The statute involved is Section 768.44(3), Florida Statutes (1975), and reads as follows:

"(3) The clerk shall, with the advice and cooperation of the parties and their counsel, fix a date, time, and place for a hearing on the claim before the hearing panel. The hearing shall be held within 120 days of the date the claim was filed with the clerk unless, for good cause shown upon order of the judicial referee, such time is extended. Such extension shall not exceed 6 months from the date the claim is filed. If no hearing on the merits is held within 10 months of the date the claim is filed, the jurisdiction of the mediation panel on the subject matter shall terminate, and the parties may proceed in accordance with law."

The judicial referee held that he was without jurisdiction to grant an extension request made after the expiration of the 120-day period. We agree.

The statutes enacted as Part II to Ch. 768 place an impediment to a claimant's right to seek legal redress in the courts of this State, notwithstanding the provisions of Article I, Section 21, Constitution of the State of Florida (1968). And, the statute should be strictly construed against those seeking the benefits of it, the statute being in derogation of the normal right of a claimant to seek immediate redress in the courts.
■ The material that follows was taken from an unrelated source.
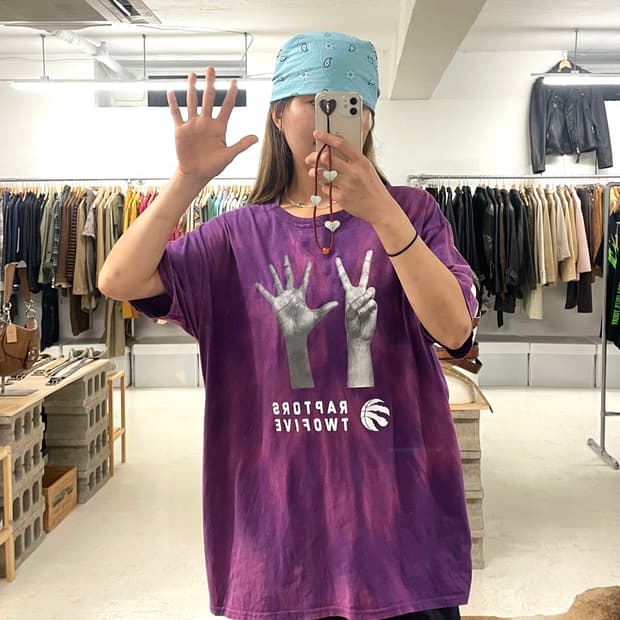 ADIDAS bleach washed 25 t-shirts 핸드사인
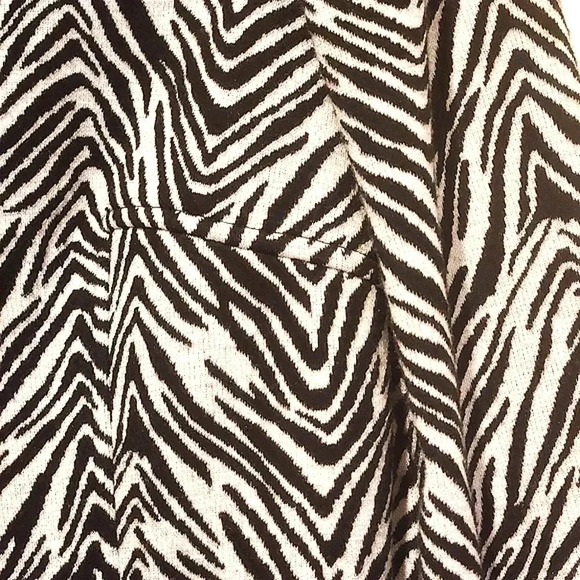 Charter Club Zebra Print Blazer Jacket – Size Medium - Picture 3 of 7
This pre-litigation burden was recognized by the Supreme Court of Florida in Carter v. Sparkman, 335 So. 2d 802 (Fla. 1976), which upheld the constitutionality of these statutes. No affirmative action having been taken by the defendant during the 120-day period, upon the expiration thereof the claimant was at liberty to pursue his cause of action in the circuit court without further delay.

The petitioner has called to our attention the following cases: State v. Vann, 342 So. 2d 1073 (Fla. 3rd D.C.A. 1977); State v. Jacobson, 343 So. 2d 1328 (Fla. 3rd D.C.A. 1977); State v. Cowart, 344 So. 2d 624 (Fla. 3rd D.C.A. 1977); Richards v. Foulk, 345 So. 2d 402 (Fla. 3rd D.C.A. 1977). In each of the cited cases the facts are distinguishable from the instant case and we, therefore, do not find them either persuasive or controlling.

For the reasons above stated, the order of the mediation referee, finding that he was without jurisdiction to extend the period after the expiration of the 120-day period provided in Section 768.44(3), Florida Statutes (1975), is affirmed. Even if he had had jurisdiction, which we do not find, he would not have departed from the essential requirements of the law because there was no motion filed showing good cause.

Certiorari denied.

NOTES

[1] The petitioner filed an appeal in this matter which, because of the nature of medical mediation panels being quasi-judicial bodies, we choose to treat as a petition for certiorari. See: Article V, Section 2(a), Constitution of the State of Florida (1968). Also, see: Koota v. Parkway General Hospital, Inc., 346 So. 2d 124 (Fla. 3rd D.C.A. 1977).